In church today, the worship team began singing, “Our God,” by Chris Tomlin.
Here’s part of the chorus:
Our God is greater, our God is stronger
God You are higher than any other
Our God is Healer, awesome in power
Our God, Our GodAnd if Our God is for us, then who could ever stop us?
And if our God is with us, then what can stand against?
Ethan was a courageous 13 year old boy who died only two days ago after his four year battle with cancer. And Kylie is a 2 year old precious baby girl who has just relapsed, and her doctors have given up.
My arms fell down, and I couldn’t stop the tears from falling.
It is so easy for us to stand in church and worship when there is joy in our hearts. It’s so easy for us to clap along to the songs about how good our God is in those moments. And it’s so easy to listen to the pastor share about how we are created in God’s image and for us to be inspired to love more and love deeper when all is well.
But you know what makes that hard?
When you lose your teenager who had a dream to play baseball and continually whispered to his mama during his last few days of life how much he loved her. Or when you are told that your two year old baby girl probably won’t live to see her third birthday!
As the congregation continued to worship and I kept hearing voices singing out to Him, all that kept going through my head was…”Could I hold my hands high in worship if I was in those circumstances?”
I don’t think I could.
When Kicker was first diagnosed, I felt this deep anger towards God. I found myself constantly questioning how could HE let this happen. And it took at least a few months for me to begin talking to Him again, trusting Him and crying out to Him. And now, it is almost 10 months from when Kicker was first diagnosed, and I am confident in the Lord’s calling for our family. I am confident He will heal my son. There is a peace and joy in my soul as I have seen the incredible healing that has taken place. And it is now ‘easy’ for me to raise my hands in worship!

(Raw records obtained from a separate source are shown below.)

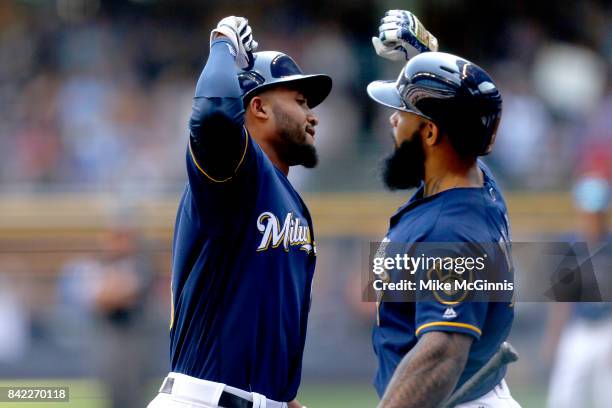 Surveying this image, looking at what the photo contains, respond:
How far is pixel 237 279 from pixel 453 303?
0.81 metres

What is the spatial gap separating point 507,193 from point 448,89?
9002mm

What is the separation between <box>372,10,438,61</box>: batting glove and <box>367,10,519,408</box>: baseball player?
308 millimetres

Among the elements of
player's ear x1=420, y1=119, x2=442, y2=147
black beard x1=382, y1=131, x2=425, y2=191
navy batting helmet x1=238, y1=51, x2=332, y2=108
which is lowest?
black beard x1=382, y1=131, x2=425, y2=191

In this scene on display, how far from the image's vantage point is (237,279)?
3.86m

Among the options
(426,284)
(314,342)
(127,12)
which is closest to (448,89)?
(426,284)

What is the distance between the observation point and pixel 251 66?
13.7ft

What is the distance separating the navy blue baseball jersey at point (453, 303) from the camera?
361 cm

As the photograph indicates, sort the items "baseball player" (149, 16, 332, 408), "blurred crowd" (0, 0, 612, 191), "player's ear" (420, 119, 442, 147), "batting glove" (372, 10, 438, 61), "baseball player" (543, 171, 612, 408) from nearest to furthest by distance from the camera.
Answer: "baseball player" (149, 16, 332, 408) → "player's ear" (420, 119, 442, 147) → "batting glove" (372, 10, 438, 61) → "baseball player" (543, 171, 612, 408) → "blurred crowd" (0, 0, 612, 191)

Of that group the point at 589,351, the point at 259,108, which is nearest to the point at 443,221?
the point at 259,108

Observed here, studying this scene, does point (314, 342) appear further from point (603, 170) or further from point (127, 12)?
point (127, 12)

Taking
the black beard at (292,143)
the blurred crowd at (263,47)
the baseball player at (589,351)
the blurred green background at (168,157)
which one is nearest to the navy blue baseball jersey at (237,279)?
the black beard at (292,143)

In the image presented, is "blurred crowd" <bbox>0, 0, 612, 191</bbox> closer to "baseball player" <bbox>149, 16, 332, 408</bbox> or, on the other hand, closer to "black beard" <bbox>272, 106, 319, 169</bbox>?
"black beard" <bbox>272, 106, 319, 169</bbox>

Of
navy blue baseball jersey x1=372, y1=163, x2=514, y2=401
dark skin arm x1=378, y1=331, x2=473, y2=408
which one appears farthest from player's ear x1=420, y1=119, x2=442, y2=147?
→ dark skin arm x1=378, y1=331, x2=473, y2=408

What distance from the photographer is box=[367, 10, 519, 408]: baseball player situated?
3.55m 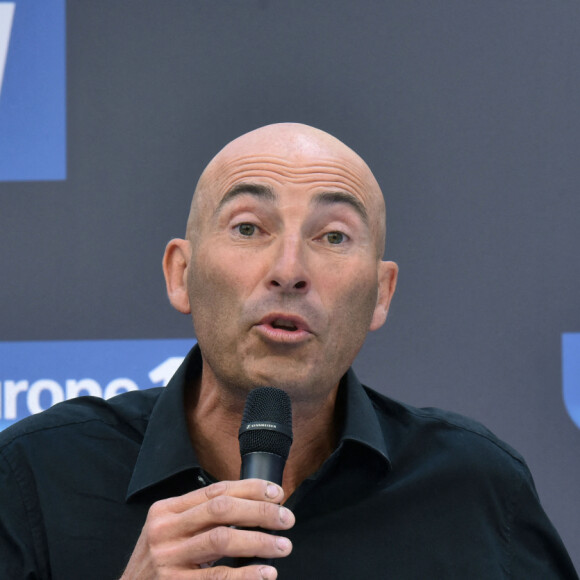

But, today, I stood there weak and numb. I couldn’t raise my arms if I wanted to. I couldn’t mutter the words to the rest of the song. Instead, I just cried and though about how Ethan firmly stated, “If I do die from this disease, I’m going to kneel before my Savior and hope He says, ‘well done, good and faithful servant’.” Yes, he was only 13, but his faith was unmovable. He knew his maker had a plan for his life.
I want Ethan’s spirit. I want that peace.
So after church, a friend came up and asked, “How are you doing?” And honestly, I wanted to breakdown and fall into her arms. I wanted to tell her how my heart was breaking apart for these children and their parents. I wanted to tell her how unfair it was. And I wanted to ask her why this loving God of ours would let this happen. Instead, I held it together, clenched my jaw, withheld the tears and talked about the busyness and excitement of our upcoming KICKcancER Retreat.
In recent days, I have been asked, “How do you have the time and energy to start a foundation to help other kids? You have so much on your plate!”
Well, I don’t want any more kids to die! And wouldn’t you find the time if you knew there was something that could possibly help those children who are fighting for their life?
I will do whatever it takes, and I won’t stop. I know that I am not the one who is able to save children’s lives, but I do know that God can use me to share His truth about how to help these babies heal…and I sure as hell am going to do it!
All this to say, I challenge both you and myself…that in our darkest and deepest pain, will we stand and worship our Savior who IS good? And if we knew that our end was near, could we have faith like Ethan? Could we proclaim, “If I do die from this disease, I’m going to kneel before my Savior and hope He says, ‘well done, good and faithful servant’?”